In 2003, when the industrialist and head of FIAT Gianni Agnelli had passed away, I watched thousands of his old workers mourning the death of their principal exploiter, waiting in the queue inside the mortuary chamber set up by the Agnelli family. Even the most humble of these workers was praising the industrialist’s fashion sense. That was probably the most symbolic of the disturbing examples of cultural patronization of the oppressed. Still, it was even more shocking to sit next to the young and the old camped a stone's throw from Wall Street, hearing those hashtags repeated once again, as a mantra: “Jobs was great, man!” or “Without him the IT world would be ruled by the monolopolist Gates”. A few feet away, people were laying flowers, half-eaten apples and even iPads displaying a candle app outside the Apple glass cube on Fifth Avenue. Not surprisingly, that form of worship was left respectfully untouched.
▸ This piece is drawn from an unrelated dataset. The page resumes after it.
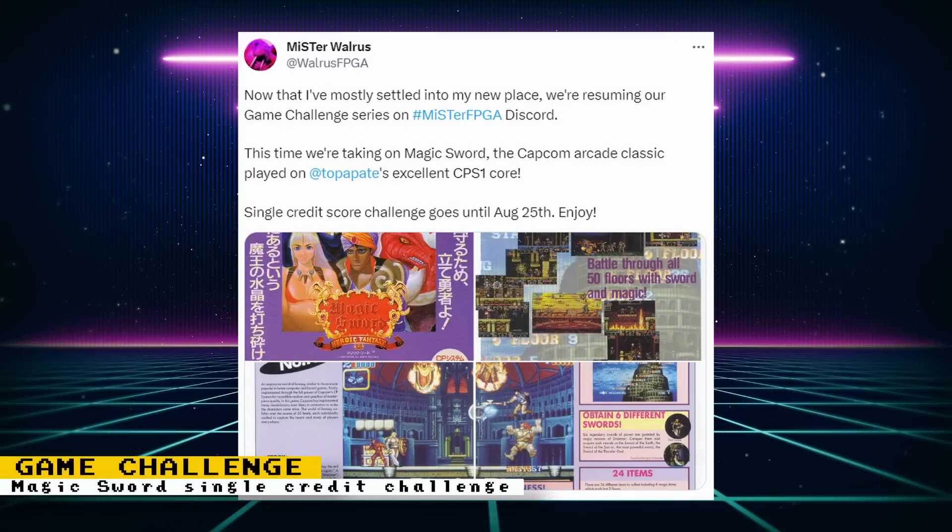There is a current MiSTer FPGA Discord game challenge where you compete to get a high score. If you want to participate, the current game being played is the arcade version of Capcom's Magic Sword. It's a single-credit game challenge and goes until August 25th.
You could have atheist protestors laughing about abrahimic faiths, but here they were painting ideological altarpieces to jeans-and-sneakers deities. Geek-retablos… And in this new form of religious devotion I saw completely destroyed the entire process of consumer-purchase-transaction, substituted with an abstract concept of gratitude towards the Christ-inventor – for his gifts so amazingly conceived and distributed.
He said: “Our time is limited, so don't waste it living someone else's life.” [from the now biblical Stanford University speech]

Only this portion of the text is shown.